The shift reflects a rapid recalibration in regional thinking after Iran targeted airports, ports, oil facilities and commercial hubs across the six Gulf states, while also disrupting shipping through the Strait of Hormuz, a chokepoint that carries about 20 percent of global oil supply.
“There is a wide feeling across the Gulf that Iran has crossed every red line,” Abdulaziz Sager, chairman of the Saudi-based Gulf Research Center, told Reuters. “At first we defended them and opposed the war… But once they began directing strikes at us, they became an enemy.”
US pushes for backing as Gulf weighs risks
Even as Gulf leaders harden their view on Iran, they remain wary of being pulled into a wider war.
According to Reuters, Washington has been pressing Gulf countries to publicly back the US-Israeli campaign. President Donald Trump is seeking visible regional support to strengthen the war’s international legitimacy and domestic backing.
So far, that support has not materialised in a coordinated way.
The six Gulf Cooperation Council (GCC) nations, Saudi Arabia, the UAE, Qatar, Kuwait, Bahrain and Oman, have held only one virtual meeting since the conflict escalated. No broader Arab summit has been convened.
The United Arab Emirates, the only Gulf country to publicly respond, said it does not want to be drawn into escalation, while reserving the right to protect its sovereignty.
Iran’s strikes change the calculus
The immediate trigger for the shift in Gulf sentiment has been the scale and reach of Iran’s attacks.
Tehran has demonstrated its ability to hit both military and civilian targets across the region, while also interfering with maritime traffic through Hormu, effectively showing it can influence global energy flows.
That capability has deepened concerns among Gulf leaders that any incomplete military campaign could leave Iran with the means to hold the region’s energy lifeline hostage during future crises.
A Gulf source told Reuters the prevailing mood among leaders is that the US should comprehensively degrade Iran’s military capacity. The alternative, the source said, would be living under constant threat.

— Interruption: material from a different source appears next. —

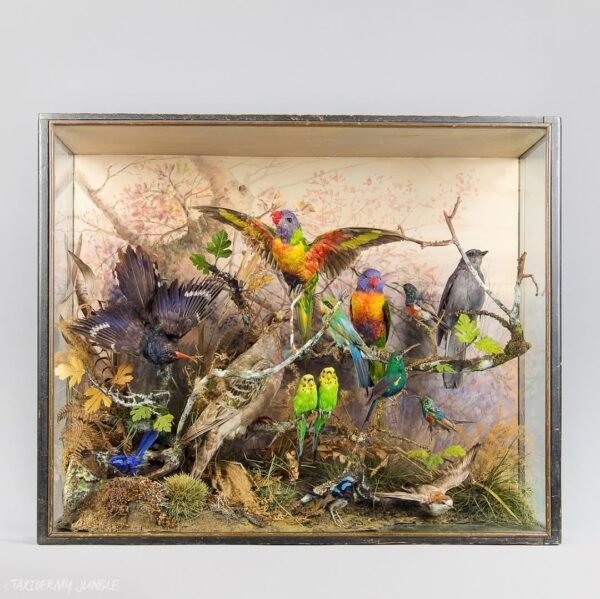 Taxidermy Exotic Birds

Strategic dilemma: weaken Iran or avoid a wider war
Despite growing anger toward Tehran, Gulf states are not ready to join the war directly.
Sources told Reuters that unilateral military action by any Gulf country is off the table, as it would expose them to immediate retaliation. Any intervention, if it happens, would have to be collectiv, and even that remains uncertain.

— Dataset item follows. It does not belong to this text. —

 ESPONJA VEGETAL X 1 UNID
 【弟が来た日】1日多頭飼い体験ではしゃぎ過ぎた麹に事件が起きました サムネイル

Fawaz Gerges, a professor at the London School of Economics, described the region’s position as a strategic dilemma: balancing the immediate threat from Iran against the risk of being drawn into a US-led war they neither started nor control.

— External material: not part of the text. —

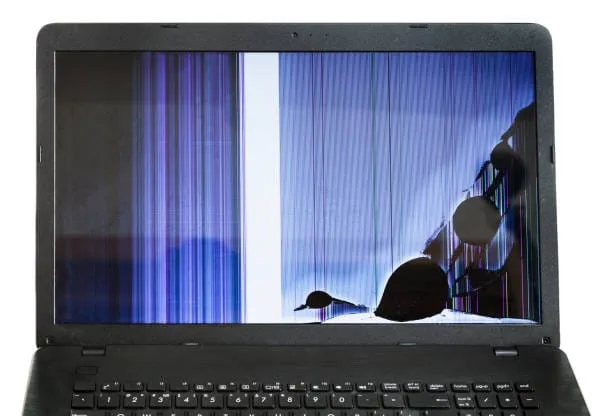 Laptop Screen Repair in Adelaide - photo 4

Joining the campaign, he said, would do little to shift the military balance but significantly increase exposure to Iranian reprisals.
Oil, stability and the cost of inaction
The stakes extend beyond immediate security concerns.
Iran’s actions have not only disrupted oil flows but also dented the Gulf’s broader economic model, which relies on projecting stability to attract investment, trade and tourism.
The memory of past attacks, including the 2019 strike on Saudi oil facilities that temporarily halved output, continues to shape current fears.
“Now that Iran has shown it can shut down Hormuz, the Gulf faces a fundamentally different threat,” Bernard Haykel of Princeton University told Reuters. “If it’s not addressed, this danger will be long-term.”